In times like these, where society faces multiplied challenges and real or perceived threats - everything from swine flu to unemployment and mortgage failures - people need leadership.
Yet leadership seems to be in precious short supply. What are people offered in its place? Management and administration - most of it poorly executed at that.
In the UK over this past week we've seen wave after wave of media revelations about widespread abuses of the expenses system available to parliamentarians.
What we've learned is that the system, set up by and for politicians, allows MPs to claim benefits that no other professional would dream of - all from the public purse.

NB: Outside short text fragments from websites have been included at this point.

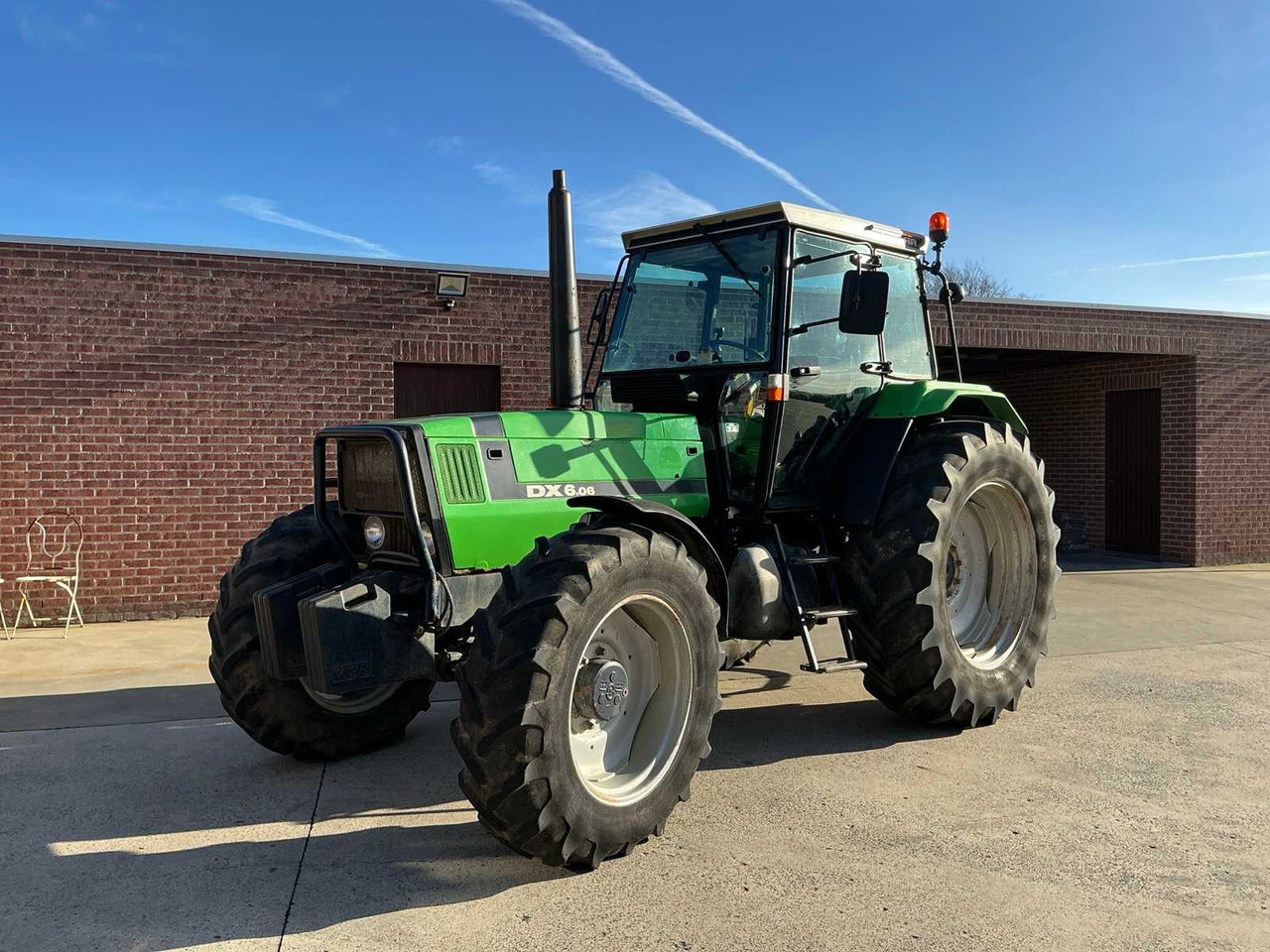 DEUTZ-FAHR DX6.06 ALL-WHEEL DRIVE AGRICULTURAL TRACTOR - Трактор: фото 1 DEUTZ-FAHR DX6.06 ALL-WHEEL DRIVE AGRICULTURAL TRACTOR - Трактор: фото 1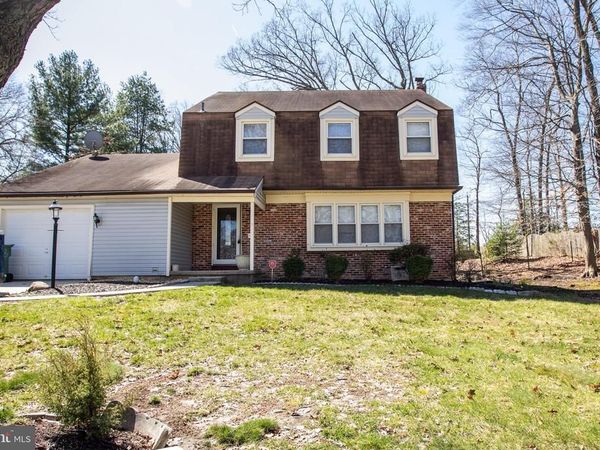 2 DONCASTER ROAD, CHERRY HILL, NJ 08003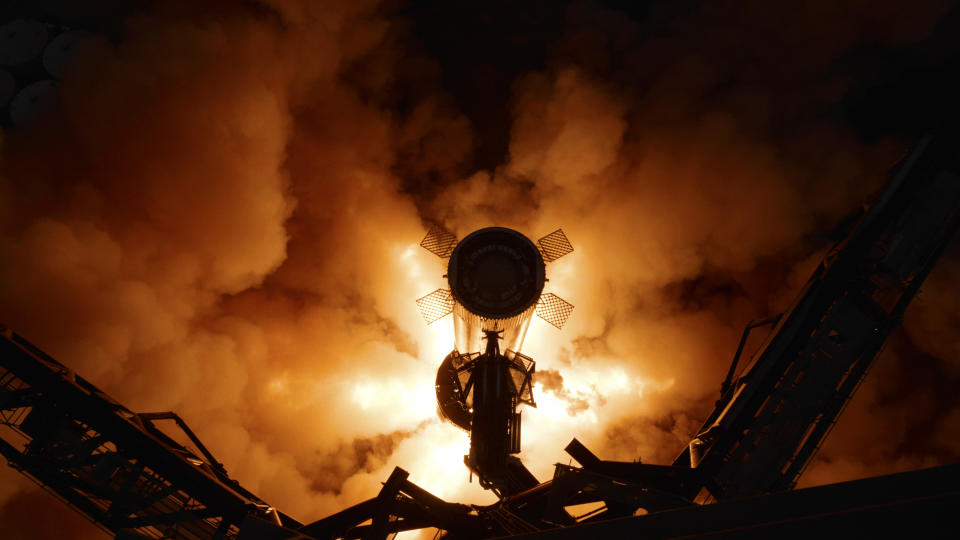 SpaceX's Booster 7 Starship first-stage prototype ignites 31 of its 33 Raptor engines during a static fire test on Feb. 9, 2023.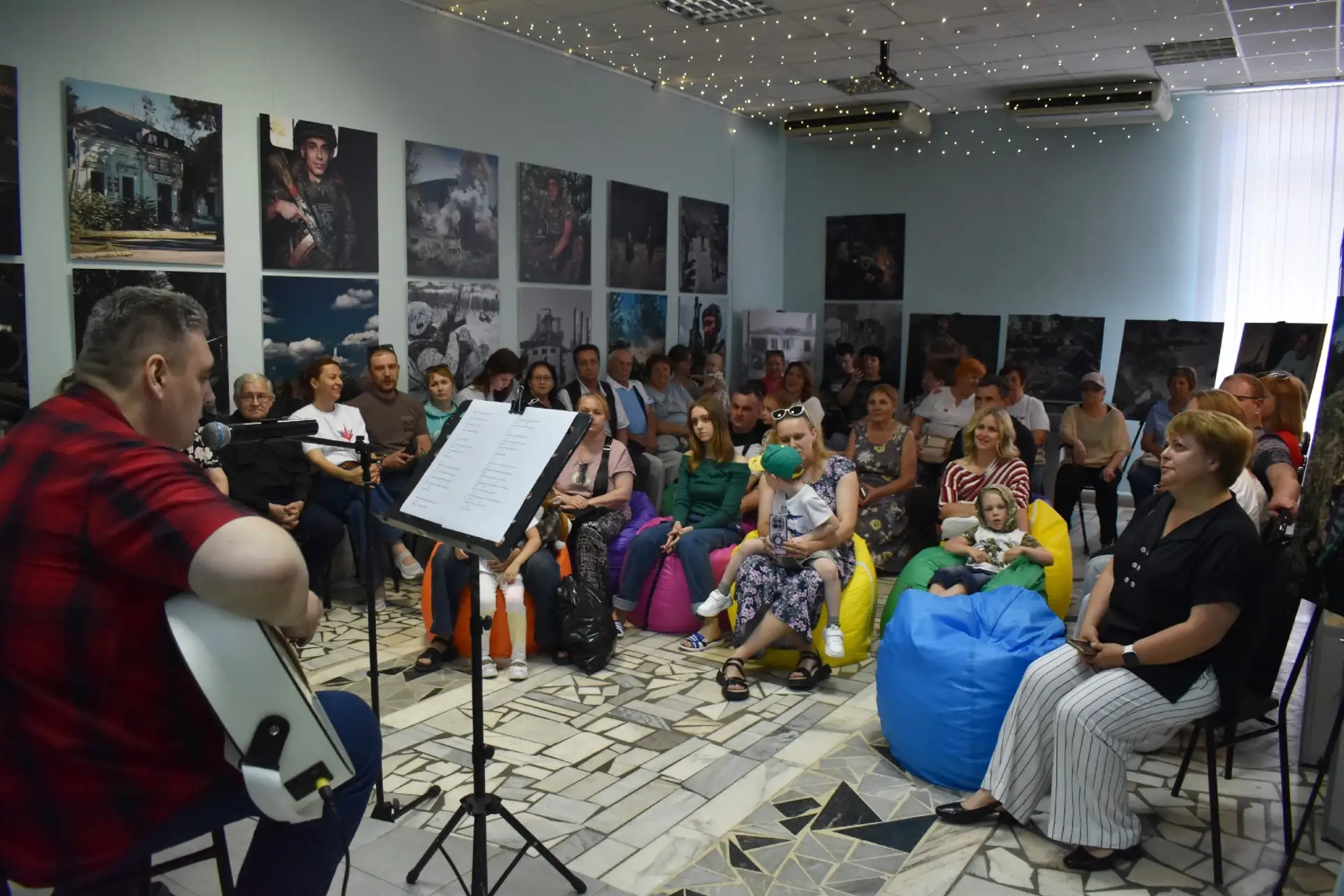 Кинель | Усть-Кинельский | Самара🏡

🎸 Живая музыка, душевная атмосфера, много творчества и патриот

Doubtless, there are scores of parliamentarians who have worked entirely within not only the letter but the spirit of the rules governing expenses. Yet so many politicians from all sides of the party divide have been caught with their hands in the till, that people are left with the impression that the entire system is awash with cheating and the abuse of trust.

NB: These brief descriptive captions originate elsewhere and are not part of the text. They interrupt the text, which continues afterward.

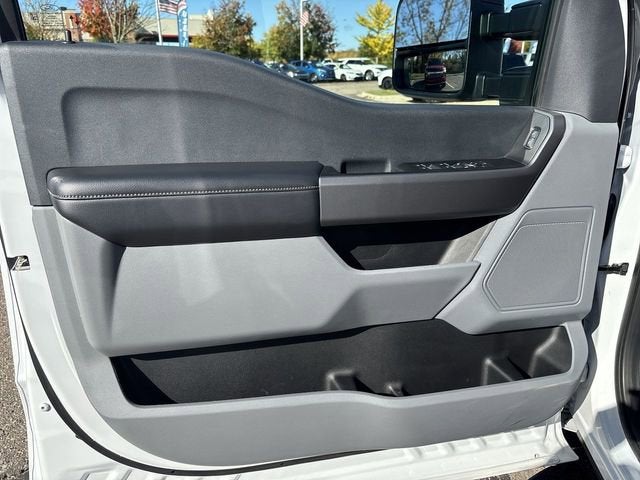 2025 Ford Super Duty F-350 SRW XL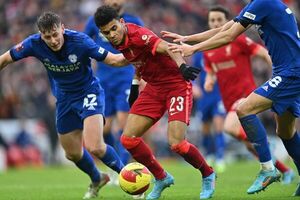 El Liverpool se deshace del Cardiff y pasa a octavos - Fútbol Internacional - ABC Color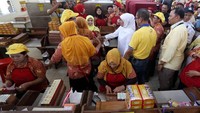 Buruh perempuan sedang membuat rokok kretek di sebuah pabrik. AFP/Juni Kriswanto.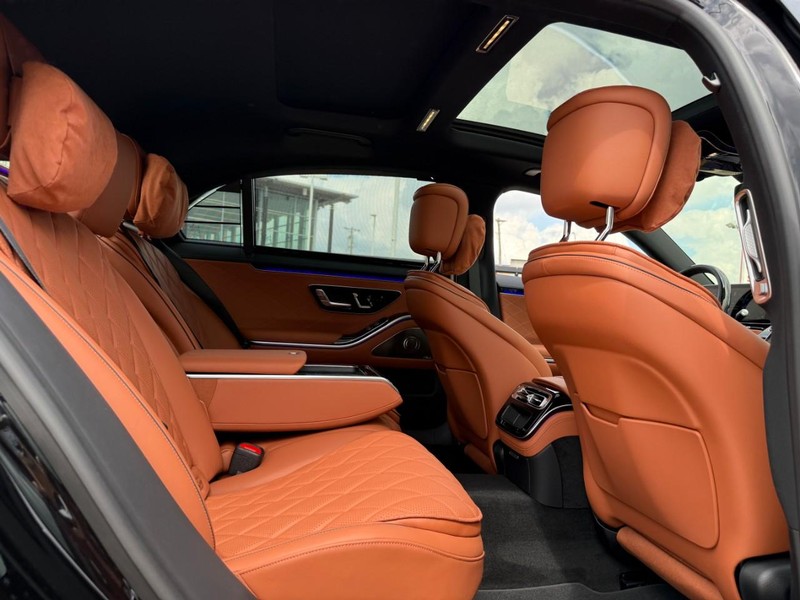 Mercedes-Benz S-Class Vehicle Full-screen Gallery Image 7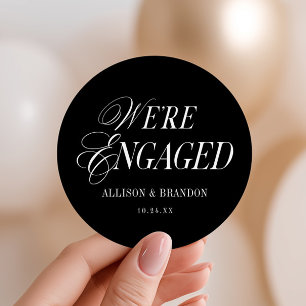 Pegatina Redonda Black We are Engaged Engagement Party Favors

All this represents not just bad management in government, but a total lack of leadership.
A great deal of administration was going on while all this was happening. All claims for expenses had to be approved by a group of civil service administrators.
Yet without moral leadership - leadership based on conviction rather than pragmatism - administration is left hopelessly at the mercy of expediency.

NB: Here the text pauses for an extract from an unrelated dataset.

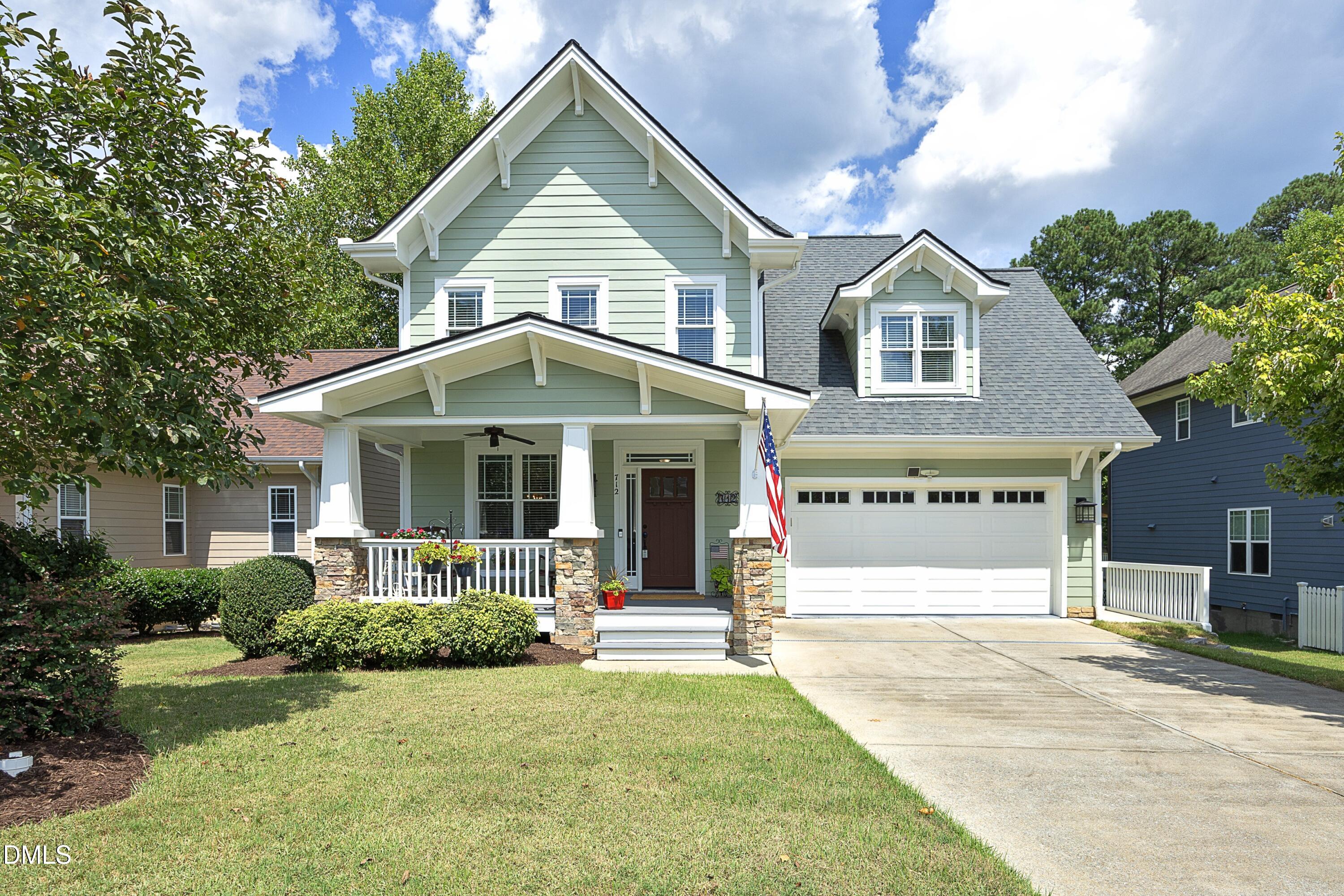 712 Shoals Lake Drive Property Photo 1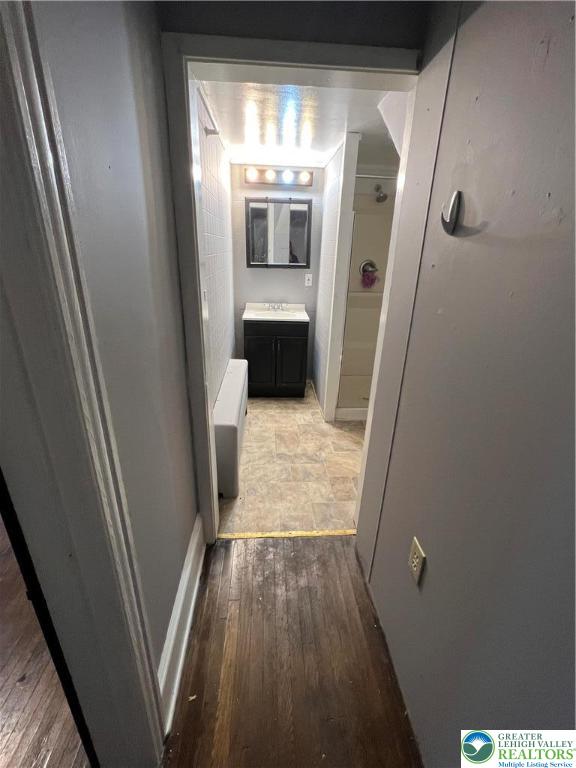 302 West Nesquehoning Street 1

At the end of the week, the moral of the story is this: we have very few true leaders in government and a great many followers. There are few who will go against "standard practice" - that is, what the rest of the pack are doing - and set out on a righteous path.
The nature of modern government, built as it is around a labyrinth of complex committees and regulatory bodies, allows very little scope for real leadership to develop among the representatives of the people. Politicians are expected to spend their time and energies managing their constituencies and portfolios.
This, I think, may be especially so in modern Britain. Here a combination of a 'private club' mentality - the notion that parliament is a privileged club somehow above the normal rules of propriety - and an historic predilection for making rules within rules within rules, all too readily lends itself to "government circles", without clear objectives.
Churchill was arguably the greatest leader of the twentieth century. Yet he became so almost in spite of the system that spawned him, rather than because of it. He understood better than most of his peers that the strength of Britain's ruling classes in setting up and maintaining orderly systems had to be made to serve much bigger priorities and higher purposes. Management had to serve leadership.Churchill was a leader rather than a manager. In tough times, then as now, leadership must come to the fore.
In politics and civic leadership, as in corporate life, management is a wonderful servant. Where would we be without support structures and systems of operation? But management is a very poor master.
Management looks to maintain a present position, taking its cues from benchmarks across an industry - and politics can be thought of as an industry, too. Leadership, on the other hand, often turns current trends on their head, creating something from nothing.